До сих пор я не слышал, чтоб Генри шутил, мне казалось, что он не имеет подобной привычки, но английская глубинка, видать, его доконала.
— Если тебя этот момент устраивает, то все в порядке. Слушай, — спросил я тогда, — тебе не показалось, что этот украинский напиток, ну, что мы пили вчера…
— Да?
— …был вроде абсента?
— Так абсент запрещен!
— В Англии — нет.
— Тогда может быть, я не знаю, я не пробовал абсент.
— Дитя природы! Что ж ты пробовал! Мустангов?
— Как это — мустангов?
— Жареных, пареных…
— От абсента бывают галлюцинации.
— Да, бывают.
— Ну тогда это, наверно, был абсент. Хорошо, что ты мне сказал, а то я все думал… почему…
— Что же ты видел?
— Да я уж сейчас и не помню…
— Боже, какой же ты скользкий, Генри. Просто как угорь в вазелине, а вазелин в заднице. Это ж просто немыслимо! Ни слова в простоте не скажешь!
— А почему я должен? В смысле, кому это интересно? Если бы было что-то интересное, то я бы рассказал обязательно. А так же оно абсолютно не интересно. Такие вещи никому не интересны, кроме самого рассказчика. Вот тебе, к примеру, что привиделось?
— Тебе будет не интересно.
— Так я ж к примеру.
— Мне показалось, что за тобой гналась собака.
— Ну да, ну да, Гинефорт, собака мужа Лоры Лайонс.

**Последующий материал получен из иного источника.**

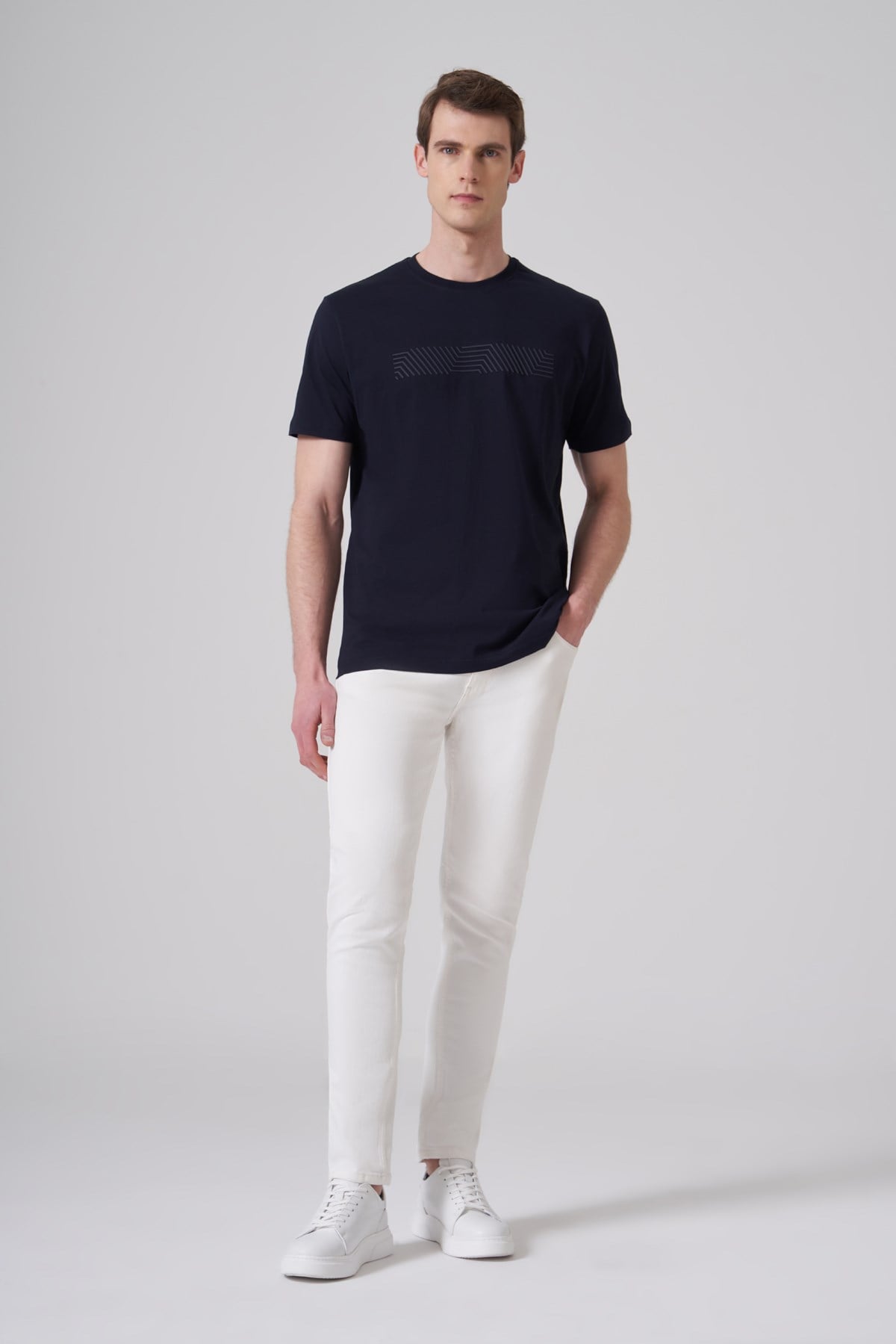Morven Erkek Lacivert Trend Baskılı Bisiklet Yaka Dinamik Fit T-shirt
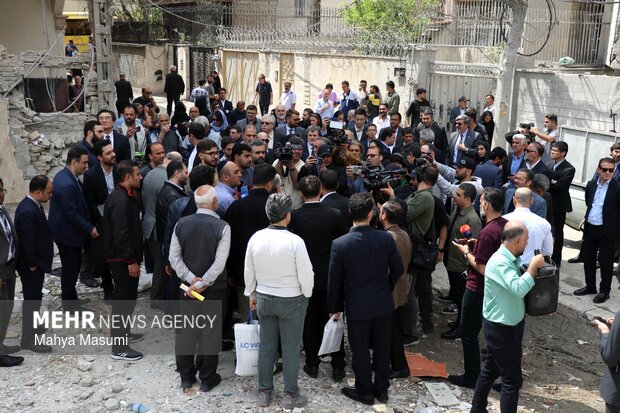 بازدید سفرای کشورهای خارجی از جنایات آمریکایی - صهیونیستی در تهران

— Значит, гналась. Идем дальше.
— Идем. Что там дальше?
— Мы ехали на бронепоезде.
— Ехали.
— Анархисты все стали волками.
— Не помню.
— Уже на этом этапе не помнишь?
— Не помню. Я перенервничал.
— А потом что-нибудь помнишь?
— Не помню ничего.
— Ну ты и хитрый!
— У меня была тяжелая жизнь, Берти. Вот ты жил себе в Лондоне, на всем готовом, ходил в костюмчике юного Фаунтлероя, все с тобой нянчились. А я был фактически беспризорником. Всем наплевать на меня было. Мне пришлось самому пробиваться, понимаешь?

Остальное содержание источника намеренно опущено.